関西風速60m 被災地・京都の真実「1000年の歴史が破壊」
京都市・髙山寺、仁和寺、渡月橋、平野神社…〈台風続発 現場ルポ〉
関西地方を襲った超大型台風21号は、1000年の歴史を誇る京都の文化財にも大きな被害を及ぼした。国宝の「鳥獣人物戯画」で有名な髙山寺(京都市右京区)もその一つ。創立者の明恵(みょうえ)上人の肖像彫刻がある開山堂などが、倒木により損壊したのだ(上写真)。
「樹齢400年の大木や、境内のスギやヒノキなど百数十本の木が倒れました。木の倒れた方向がさまざまなので、竜巻のように渦巻く突風に襲われたのではないかと考えています。
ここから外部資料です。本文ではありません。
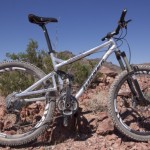 A silver mountain bike with large tires is leaning against rocky terrain, surrounded by desert vegetation. The backdrop features rugged mountains under a clear blue sky.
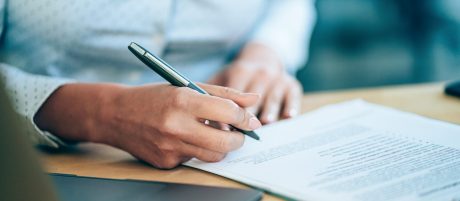 Close-up shot of a businesswoman holding a pen and signing contract.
参道には重機が入れないため、人力で復旧作業をするしかありません。紅葉シーズンまでには何とかしたいのですが……」(髙山寺の僧侶)
790年頃に創建された平野神社や、真言宗御室派の総本山で世界遺産の仁和寺。桂川にかかる木造の欄干が美しい渡月橋など、他にも京都市内の多くの歴史的建造物が被害を受けた。京都大学教授で日本中世史が専門の上島享(すすむ)氏が語る。
「1000年以上続く古刹(こさつ)のような文化財には希少な素材が使われているため、簡単には修復できません。被害が大きいところでは、復旧までに5年以上の年月がかかるでしょう」
風速60m近い暴風雨は、京都の伝統と歴史を破壊してしまった。